Crime analysts can use Points to Track Segments to sequence events based on time, and Generate Origin-Destination Links to connect records in multiple layers that share a common attribute value.
The Points to Track Segments and Generate Origin-Destination Links tools support common investigative workflows such as visualizing summary financial transaction data to identify patterns of money laundering and fraud, temporal sequencing of GPS tracks or incident data, and visualizing spatial relationships such as between locations of motor vehicle thefts with where those vehicles are recovered.
The Crime Analysis solution provides tools to map and analyze spatial and temporal patterns in mobile device call detail records.

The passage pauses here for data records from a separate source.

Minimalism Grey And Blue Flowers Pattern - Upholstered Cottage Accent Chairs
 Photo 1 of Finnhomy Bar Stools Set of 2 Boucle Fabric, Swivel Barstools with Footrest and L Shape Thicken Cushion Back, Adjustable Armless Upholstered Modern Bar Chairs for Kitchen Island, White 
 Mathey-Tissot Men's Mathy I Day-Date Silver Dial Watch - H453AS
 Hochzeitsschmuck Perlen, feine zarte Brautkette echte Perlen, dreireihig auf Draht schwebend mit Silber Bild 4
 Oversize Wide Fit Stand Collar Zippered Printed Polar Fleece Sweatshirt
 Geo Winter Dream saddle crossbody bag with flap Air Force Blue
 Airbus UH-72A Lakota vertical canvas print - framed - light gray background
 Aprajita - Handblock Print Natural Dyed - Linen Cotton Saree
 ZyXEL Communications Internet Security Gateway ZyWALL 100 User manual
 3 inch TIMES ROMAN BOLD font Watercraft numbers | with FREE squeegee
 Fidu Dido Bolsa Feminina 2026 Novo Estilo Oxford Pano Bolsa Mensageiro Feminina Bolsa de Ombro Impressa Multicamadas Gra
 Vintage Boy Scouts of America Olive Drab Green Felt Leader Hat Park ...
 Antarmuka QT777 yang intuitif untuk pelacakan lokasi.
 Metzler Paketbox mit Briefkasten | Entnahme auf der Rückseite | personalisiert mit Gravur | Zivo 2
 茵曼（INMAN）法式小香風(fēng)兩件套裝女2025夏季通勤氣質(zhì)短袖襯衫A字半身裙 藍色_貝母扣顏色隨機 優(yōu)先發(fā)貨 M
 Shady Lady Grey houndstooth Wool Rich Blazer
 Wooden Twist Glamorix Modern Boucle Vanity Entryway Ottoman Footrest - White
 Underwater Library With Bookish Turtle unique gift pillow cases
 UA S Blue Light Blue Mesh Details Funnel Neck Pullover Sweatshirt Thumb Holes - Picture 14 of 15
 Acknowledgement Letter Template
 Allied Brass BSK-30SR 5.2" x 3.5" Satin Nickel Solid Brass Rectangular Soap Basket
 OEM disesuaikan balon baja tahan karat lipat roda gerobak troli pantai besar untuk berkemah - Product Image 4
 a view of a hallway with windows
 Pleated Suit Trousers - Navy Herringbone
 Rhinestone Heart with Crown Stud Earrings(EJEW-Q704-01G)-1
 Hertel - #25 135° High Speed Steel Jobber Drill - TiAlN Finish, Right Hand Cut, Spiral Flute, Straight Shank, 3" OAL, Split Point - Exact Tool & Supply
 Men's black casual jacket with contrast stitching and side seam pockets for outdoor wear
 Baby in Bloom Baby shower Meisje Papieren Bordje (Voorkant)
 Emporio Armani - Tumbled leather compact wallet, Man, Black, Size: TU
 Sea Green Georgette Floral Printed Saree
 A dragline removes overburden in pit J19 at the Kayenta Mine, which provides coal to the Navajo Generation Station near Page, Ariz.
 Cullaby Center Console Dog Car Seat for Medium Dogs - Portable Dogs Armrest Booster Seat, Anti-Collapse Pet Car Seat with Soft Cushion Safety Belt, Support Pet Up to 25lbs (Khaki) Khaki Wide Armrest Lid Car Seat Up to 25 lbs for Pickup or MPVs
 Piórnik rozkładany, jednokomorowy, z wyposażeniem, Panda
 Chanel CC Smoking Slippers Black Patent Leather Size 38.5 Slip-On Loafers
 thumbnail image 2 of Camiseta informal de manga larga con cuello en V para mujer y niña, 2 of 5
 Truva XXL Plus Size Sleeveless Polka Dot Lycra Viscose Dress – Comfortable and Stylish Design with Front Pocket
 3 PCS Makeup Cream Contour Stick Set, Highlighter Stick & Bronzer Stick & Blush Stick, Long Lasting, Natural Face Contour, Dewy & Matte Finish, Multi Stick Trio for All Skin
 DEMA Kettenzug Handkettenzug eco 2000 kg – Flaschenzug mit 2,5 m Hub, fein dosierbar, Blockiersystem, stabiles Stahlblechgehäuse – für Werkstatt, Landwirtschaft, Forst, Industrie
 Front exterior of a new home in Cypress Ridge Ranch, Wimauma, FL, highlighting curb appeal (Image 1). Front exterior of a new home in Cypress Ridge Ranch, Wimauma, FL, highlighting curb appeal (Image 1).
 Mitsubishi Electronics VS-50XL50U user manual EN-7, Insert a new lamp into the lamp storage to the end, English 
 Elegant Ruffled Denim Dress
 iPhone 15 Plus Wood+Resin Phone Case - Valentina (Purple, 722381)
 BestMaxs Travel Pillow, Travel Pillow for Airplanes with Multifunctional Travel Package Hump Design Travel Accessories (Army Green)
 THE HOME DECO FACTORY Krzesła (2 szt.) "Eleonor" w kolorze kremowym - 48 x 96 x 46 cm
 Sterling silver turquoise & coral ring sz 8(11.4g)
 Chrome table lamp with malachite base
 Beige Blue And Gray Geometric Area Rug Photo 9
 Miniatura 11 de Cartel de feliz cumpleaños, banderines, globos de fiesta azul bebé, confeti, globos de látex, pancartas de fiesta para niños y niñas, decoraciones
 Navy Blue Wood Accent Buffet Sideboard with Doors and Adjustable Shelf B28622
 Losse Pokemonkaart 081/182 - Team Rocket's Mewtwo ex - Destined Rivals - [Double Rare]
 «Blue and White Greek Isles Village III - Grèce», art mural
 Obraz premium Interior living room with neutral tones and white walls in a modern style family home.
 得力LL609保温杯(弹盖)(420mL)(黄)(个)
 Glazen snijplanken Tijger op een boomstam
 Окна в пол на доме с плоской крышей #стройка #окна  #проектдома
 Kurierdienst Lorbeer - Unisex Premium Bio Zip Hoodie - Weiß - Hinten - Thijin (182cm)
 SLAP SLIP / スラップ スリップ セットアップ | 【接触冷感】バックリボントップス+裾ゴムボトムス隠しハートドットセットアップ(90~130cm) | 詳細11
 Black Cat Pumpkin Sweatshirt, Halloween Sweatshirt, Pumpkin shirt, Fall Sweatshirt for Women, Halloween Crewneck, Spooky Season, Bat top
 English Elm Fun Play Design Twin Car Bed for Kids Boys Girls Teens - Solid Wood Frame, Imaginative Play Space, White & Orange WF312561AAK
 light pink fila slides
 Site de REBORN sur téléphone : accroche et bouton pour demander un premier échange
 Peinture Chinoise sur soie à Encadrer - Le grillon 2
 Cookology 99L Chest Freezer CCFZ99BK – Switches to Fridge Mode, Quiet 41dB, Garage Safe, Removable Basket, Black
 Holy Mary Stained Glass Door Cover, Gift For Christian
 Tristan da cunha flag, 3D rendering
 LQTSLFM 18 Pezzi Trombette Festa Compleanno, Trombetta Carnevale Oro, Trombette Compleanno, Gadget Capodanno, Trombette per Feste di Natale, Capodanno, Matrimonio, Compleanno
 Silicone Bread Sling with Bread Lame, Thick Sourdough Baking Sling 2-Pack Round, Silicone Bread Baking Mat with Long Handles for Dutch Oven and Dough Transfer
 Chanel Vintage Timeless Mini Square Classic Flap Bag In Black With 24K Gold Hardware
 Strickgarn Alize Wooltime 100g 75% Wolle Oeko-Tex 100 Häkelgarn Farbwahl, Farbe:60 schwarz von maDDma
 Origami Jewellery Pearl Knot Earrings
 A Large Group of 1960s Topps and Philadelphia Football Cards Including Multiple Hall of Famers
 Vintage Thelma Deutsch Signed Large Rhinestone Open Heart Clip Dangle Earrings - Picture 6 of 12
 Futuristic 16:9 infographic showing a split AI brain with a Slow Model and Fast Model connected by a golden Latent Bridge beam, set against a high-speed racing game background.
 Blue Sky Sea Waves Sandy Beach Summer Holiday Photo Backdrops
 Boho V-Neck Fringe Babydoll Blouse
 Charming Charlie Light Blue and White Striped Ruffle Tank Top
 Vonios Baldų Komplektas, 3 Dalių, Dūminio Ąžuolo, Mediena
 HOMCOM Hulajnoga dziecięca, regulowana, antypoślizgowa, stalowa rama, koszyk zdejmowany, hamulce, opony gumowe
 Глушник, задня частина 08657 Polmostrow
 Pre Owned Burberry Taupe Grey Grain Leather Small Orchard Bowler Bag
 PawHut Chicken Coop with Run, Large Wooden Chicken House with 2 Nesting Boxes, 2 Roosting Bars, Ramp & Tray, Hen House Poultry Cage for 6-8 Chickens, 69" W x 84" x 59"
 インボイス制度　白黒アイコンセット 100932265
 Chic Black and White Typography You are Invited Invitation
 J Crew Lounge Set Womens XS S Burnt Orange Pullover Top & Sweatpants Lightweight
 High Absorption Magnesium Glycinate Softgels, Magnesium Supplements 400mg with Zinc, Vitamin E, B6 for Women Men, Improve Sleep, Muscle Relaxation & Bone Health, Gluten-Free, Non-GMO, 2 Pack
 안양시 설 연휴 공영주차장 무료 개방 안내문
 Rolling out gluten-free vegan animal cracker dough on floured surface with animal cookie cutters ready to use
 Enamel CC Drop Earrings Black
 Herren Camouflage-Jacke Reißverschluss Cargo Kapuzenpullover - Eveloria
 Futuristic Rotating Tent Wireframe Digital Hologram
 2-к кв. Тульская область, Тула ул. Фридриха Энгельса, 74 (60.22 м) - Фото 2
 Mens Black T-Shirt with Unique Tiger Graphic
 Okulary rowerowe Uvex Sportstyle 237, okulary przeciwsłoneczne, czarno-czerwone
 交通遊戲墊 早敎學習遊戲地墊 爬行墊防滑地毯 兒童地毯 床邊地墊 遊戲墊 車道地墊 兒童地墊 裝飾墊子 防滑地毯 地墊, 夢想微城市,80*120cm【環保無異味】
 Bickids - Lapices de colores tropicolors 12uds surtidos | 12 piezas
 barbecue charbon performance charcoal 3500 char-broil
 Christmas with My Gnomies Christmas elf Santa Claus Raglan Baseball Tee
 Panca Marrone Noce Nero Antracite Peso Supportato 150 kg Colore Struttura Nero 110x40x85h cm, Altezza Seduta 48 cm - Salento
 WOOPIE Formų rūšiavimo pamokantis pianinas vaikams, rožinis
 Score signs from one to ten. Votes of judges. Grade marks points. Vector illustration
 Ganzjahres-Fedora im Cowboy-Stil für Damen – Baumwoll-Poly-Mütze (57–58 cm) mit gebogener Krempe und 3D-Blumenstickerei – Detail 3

Additionally, Crime Analysis includes a rich set of tools to support the geographic visualization and analysis of cell phone records. The solution includes tools to help analysts map cell sites and sectors, associate legally obtained call detail records to those locations, summarize calls by location, visualize suspect calls by time and space, explore spatio-temporal relationships between call records of investigative targets, and prepare maps for presentation in court.
Share Maps and Reports
To share their work with stakeholders and decision makers, crime analysts prepare information products summarizing their results. Analysts get requests to deliver these products in both hardcopy and interactive forms. To support the needs of their customers, analysts need flexible options to deliver the results of their analysis in a wide array of forms.
The Crime Analysis solution allows users to create rich hardcopy map products.
Crime Analysis allow users to make standard hardcopy map layouts as well as tabular reports suitable for printing or sharing as a PDF.
Use Calendar Heat Charts and Link Charts to discover non-spatial patterns in your data.
The solution also includes a rich library of interactive charts, including a Calendar Heat Chart to visualize temporal concentrations by hour of day and day of week. Additionally, Crime Analysis allows users to build their own Link Charts with tools for link analysis. Users can define entities (persons, places, events) in your layers and non-spatial tables, then define relationships to connect the layers and tables together. Link Charts can be visualized clustered, hierarchically, or organically, and users can make selections in the link chart that are connected to the underlying layers. Entities and relationships in a link chart that involve spatial data can also be visualized on a map. Link analysis methods like path analysis, centrality analysis, clustering analysis, and neighborhood analysis are also available, and any link chart can be exported as a PNG, GraphML, or XPS file.
Publish your analytical maps to ArcGIS Online or ArcGIS Enterprise to create interactive web mapping applications.
For fully interactive information products, Crime Analysis can be used to publish layers and maps into an ArcGIS Enterprise or ArcGIS Online organizational portal to make dashboards, story maps, or other interactive web mapping applications.
The Crime Analysis solution delivers a set of capabilities to help you manage incident data, conduct tactical and strategic analysis, perform investigative analysis and share web-based or hardcopy information products with decision-makers.
This solution can be deployed into your ArcGIS Online organization using the ArcGIS Solutions app . The solution is fully supported by Esri and includes documentation on how to use the apps in the solution as well as load your data and configure the solution to meet your organizational needs.